Top Hillary Clinton aide Huma Abedin was shocked to learn that a hacker tried to gain access to Clinton’s private email server while she was secretary of state — writing “omg” upon being alerted to the attempted intrusion, newly released FBI records show.

But Abedin waited nearly 24 hours after learning about the cyber attack before warning other key State Department staffers not to email “anything sensitive” to their boss, the records show.

A Jan. 9, 2011, email chain shows that Abedin was informed of the incident by Justin Cooper, a longtime aide to former President Bill Clinton who for a time had responsibility for the server inside the Clinton family home in Chappaqua, New York.

“I had to shut down the server,” Cooper wrote shortly before 3 a.m., according to the records.

“Someone was trying to hack us and while they did not get in i didnt want to let them have the chance to. I will restart in the morning.”

At 7:05 a.m, Abedin responded with a three-letter response: “omg.”

But it wasn’t until 6:30 a.m. on Jan. 10, 2011, that Abedin sounded the alarm in an email to Chief Staff Cheryl Mills and Director of Policy Planning Jacob Sullivan, the records show.

“Don’t email hrc anything sensitive. I can explain more in person,” Abedin wrote.

The emails were contained in 277 pages of documents that were added to the FBI’s online “vault” of public information within the past three days, according to the Daily Mail, which first reported their release.

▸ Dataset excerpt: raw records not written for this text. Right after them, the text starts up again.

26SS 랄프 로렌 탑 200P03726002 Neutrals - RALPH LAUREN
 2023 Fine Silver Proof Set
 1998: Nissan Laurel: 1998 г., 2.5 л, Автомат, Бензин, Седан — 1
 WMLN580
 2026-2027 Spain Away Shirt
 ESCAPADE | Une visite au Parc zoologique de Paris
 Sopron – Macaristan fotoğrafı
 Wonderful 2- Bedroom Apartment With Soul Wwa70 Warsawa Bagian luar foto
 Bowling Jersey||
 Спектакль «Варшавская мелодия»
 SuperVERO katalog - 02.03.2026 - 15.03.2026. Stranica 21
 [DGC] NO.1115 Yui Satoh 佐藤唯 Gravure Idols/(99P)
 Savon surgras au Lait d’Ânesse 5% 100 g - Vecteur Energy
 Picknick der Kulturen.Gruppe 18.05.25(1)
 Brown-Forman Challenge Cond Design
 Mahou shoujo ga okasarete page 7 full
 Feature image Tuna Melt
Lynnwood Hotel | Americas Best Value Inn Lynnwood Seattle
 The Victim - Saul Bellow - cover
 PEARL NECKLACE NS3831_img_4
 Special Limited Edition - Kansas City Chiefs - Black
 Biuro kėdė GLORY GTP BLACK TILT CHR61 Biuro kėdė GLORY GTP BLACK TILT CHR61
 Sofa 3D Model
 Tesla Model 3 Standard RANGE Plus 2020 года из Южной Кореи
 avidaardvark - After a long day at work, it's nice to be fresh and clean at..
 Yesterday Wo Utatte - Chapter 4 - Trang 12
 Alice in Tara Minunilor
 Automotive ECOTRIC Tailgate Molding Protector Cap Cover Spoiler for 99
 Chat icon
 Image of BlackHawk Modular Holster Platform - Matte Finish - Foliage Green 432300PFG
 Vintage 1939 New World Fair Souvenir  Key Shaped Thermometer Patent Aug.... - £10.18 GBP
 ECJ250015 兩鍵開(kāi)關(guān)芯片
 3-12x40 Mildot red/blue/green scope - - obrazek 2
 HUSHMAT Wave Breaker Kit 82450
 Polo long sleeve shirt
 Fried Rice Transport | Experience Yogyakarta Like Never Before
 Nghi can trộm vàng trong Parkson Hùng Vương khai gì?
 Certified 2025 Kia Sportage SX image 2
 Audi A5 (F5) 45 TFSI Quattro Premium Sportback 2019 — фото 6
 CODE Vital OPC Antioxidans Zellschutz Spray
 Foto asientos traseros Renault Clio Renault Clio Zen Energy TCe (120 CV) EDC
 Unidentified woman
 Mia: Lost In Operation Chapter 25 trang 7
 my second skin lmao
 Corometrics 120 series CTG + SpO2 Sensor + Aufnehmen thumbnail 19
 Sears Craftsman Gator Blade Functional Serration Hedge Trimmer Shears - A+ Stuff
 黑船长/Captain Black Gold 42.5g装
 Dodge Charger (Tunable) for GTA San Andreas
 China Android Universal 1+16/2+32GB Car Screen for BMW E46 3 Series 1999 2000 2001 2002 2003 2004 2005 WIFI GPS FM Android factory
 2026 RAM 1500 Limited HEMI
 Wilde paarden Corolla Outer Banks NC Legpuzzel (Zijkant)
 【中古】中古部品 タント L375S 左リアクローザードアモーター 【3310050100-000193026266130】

The trove of records also contains five pages of hand-written notes summarizing a March 2, 2016, FBI interview of Cooper, who had neither a government security clearance nor expertise in cyber-security.

Cooper described how Clinton had a secure room known as “SCIF” — an acronym for sensitive compartmented information facility — in both her Chappaqua home and another in Washington DC.

Clinton’s server was located in the basement of the Chappaqua home, but the notes of Cooper’s interview suggest extremely lax security for both SCIFs.

“Open door — not always secured, sometimes when HRC not @ residence was not closed. (both resid,” the notes say.

“No understanding of when open/closed.”

The notes also say there were safes in the SCIFs, along with home computers and “no secure computers.”

In 2016, records released by the FBI infamously revealed that Cooper admitted he twice “destroyed Clinton’s old mobile devices by breaking them in half or hitting them with a hammer.”